## [Problem]
Locate the line that contains "1932 ford roadster grease". Retype it and every line after it to the end of the records, exactly, but not the pictures.

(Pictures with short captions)
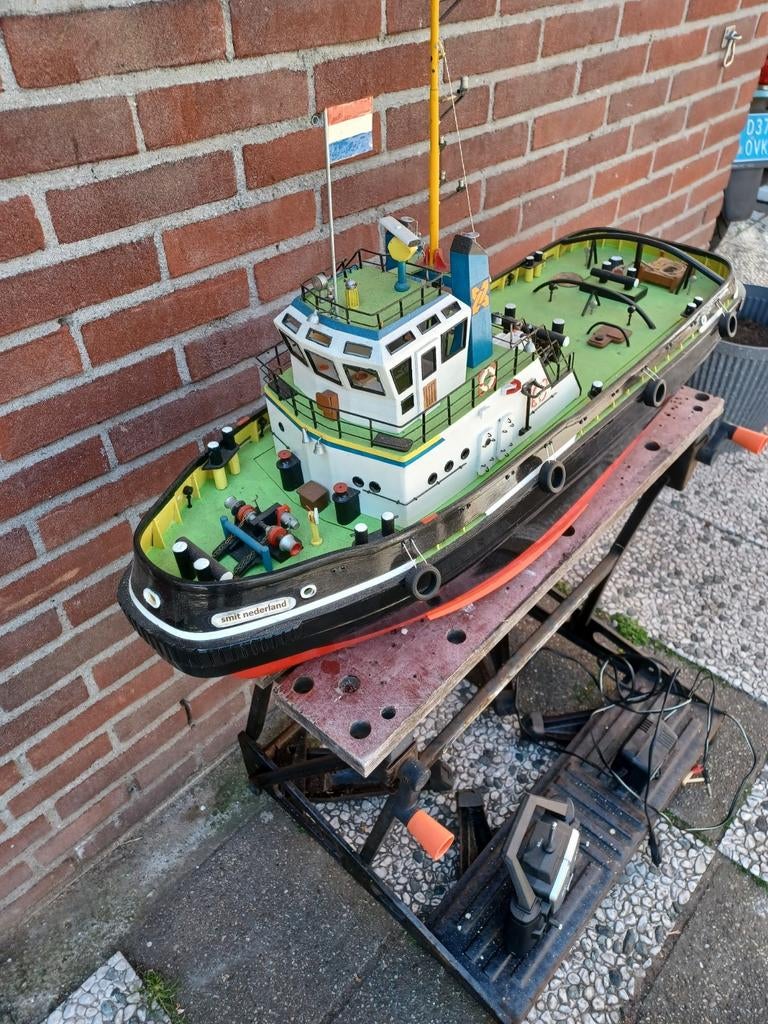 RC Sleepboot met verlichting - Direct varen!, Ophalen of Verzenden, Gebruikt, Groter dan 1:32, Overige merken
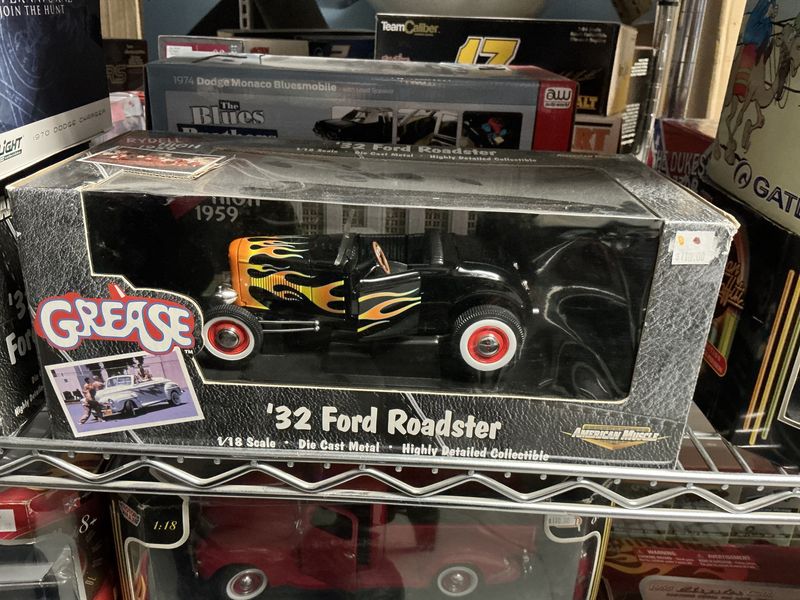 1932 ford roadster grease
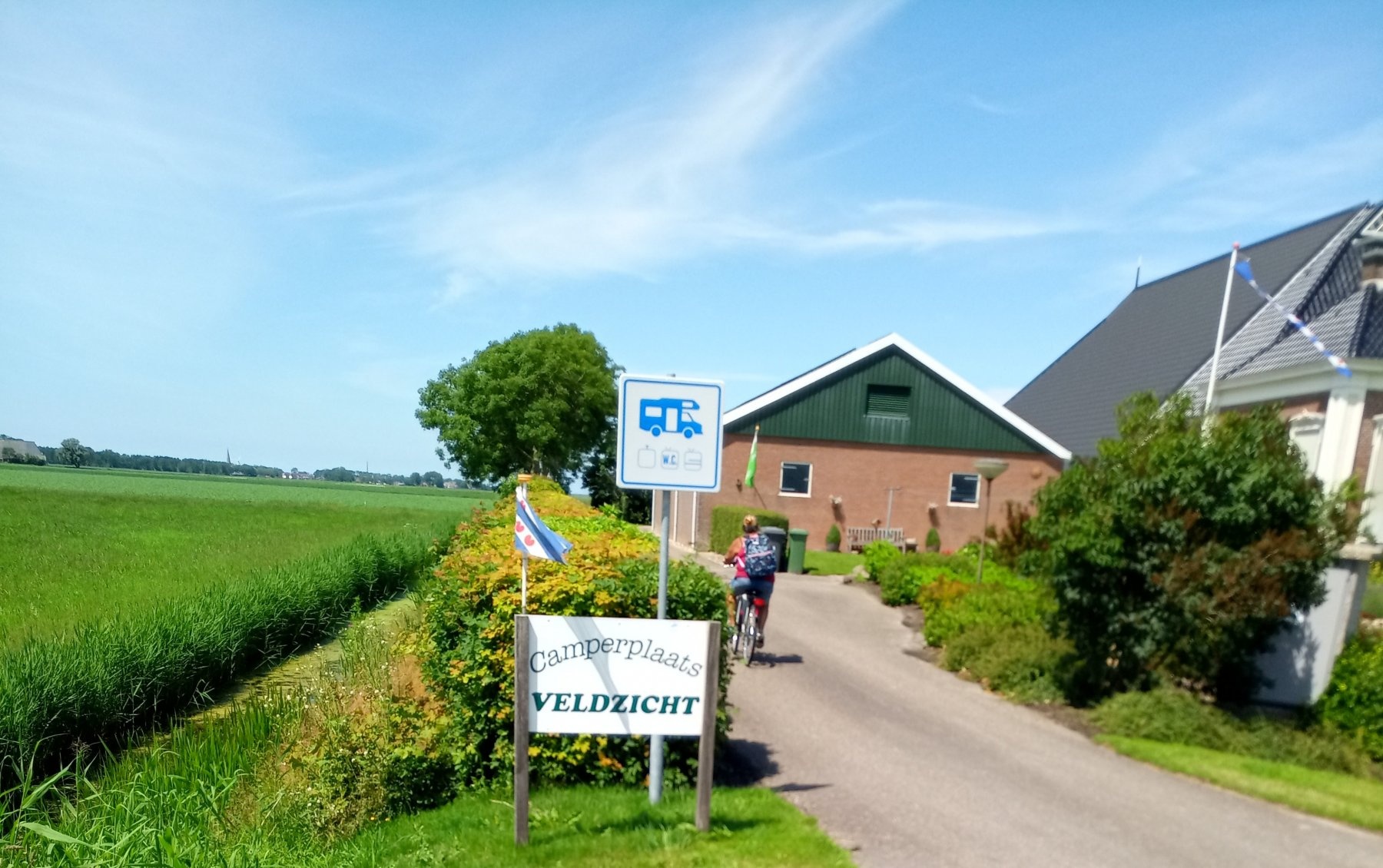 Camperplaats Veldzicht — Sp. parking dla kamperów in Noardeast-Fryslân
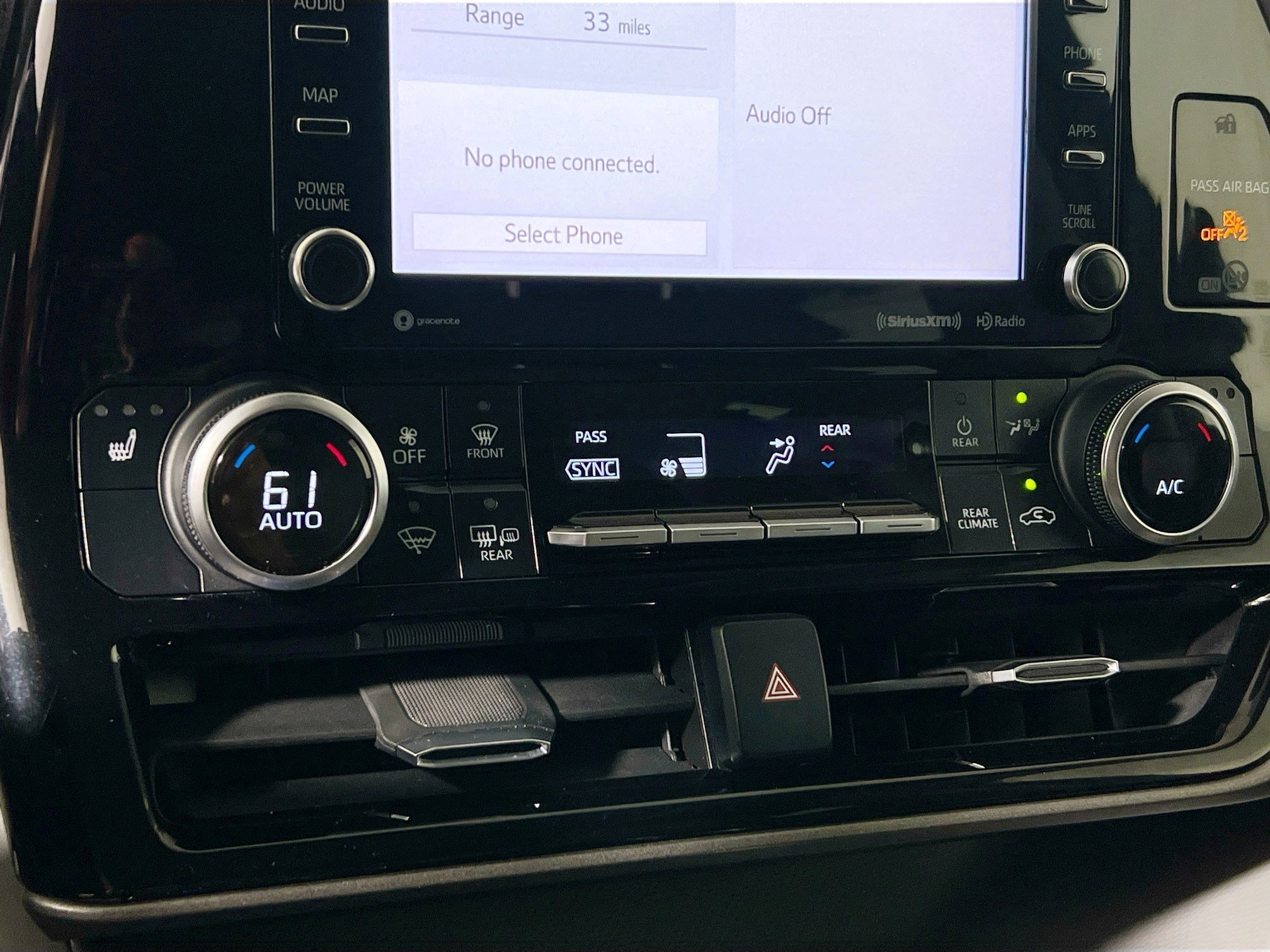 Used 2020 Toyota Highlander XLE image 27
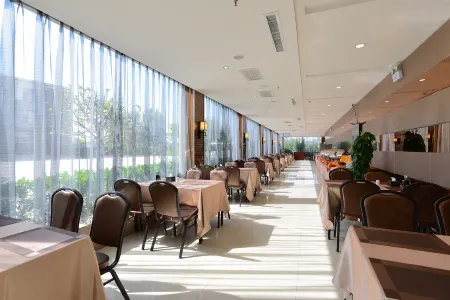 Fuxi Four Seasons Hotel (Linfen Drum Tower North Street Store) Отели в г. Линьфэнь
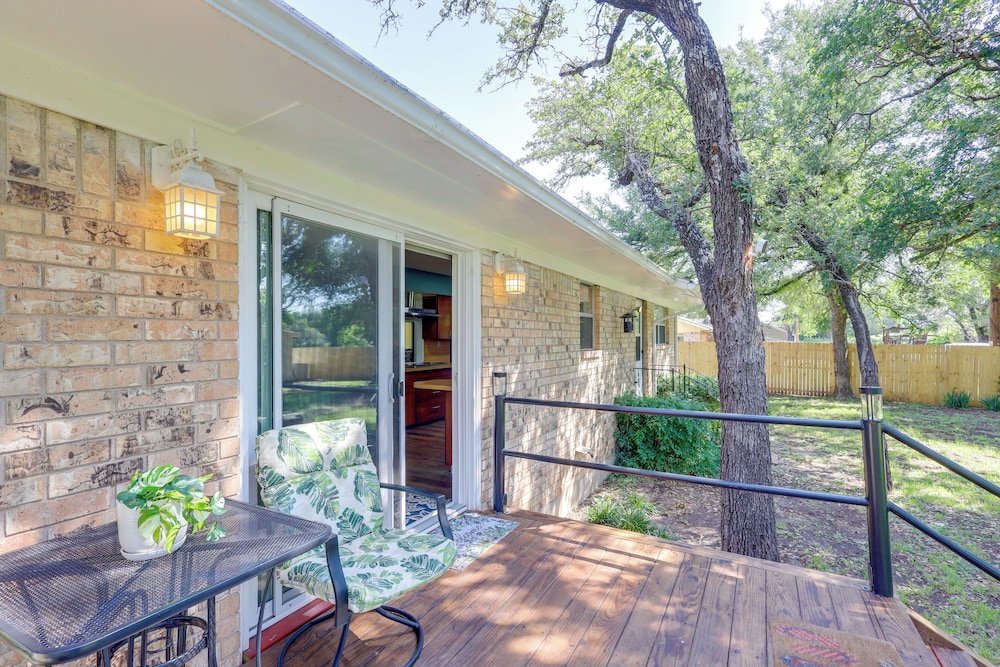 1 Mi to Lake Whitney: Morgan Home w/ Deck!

## [Answer to this problem]
 1932 ford roadster grease
 Camperplaats Veldzicht — Sp. parking dla kamperów in Noardeast-Fryslân
 Used 2020 Toyota Highlander XLE image 27
 Fuxi Four Seasons Hotel (Linfen Drum Tower North Street Store) Отели в г. Линьфэнь
 1 Mi to Lake Whitney: Morgan Home w/ Deck!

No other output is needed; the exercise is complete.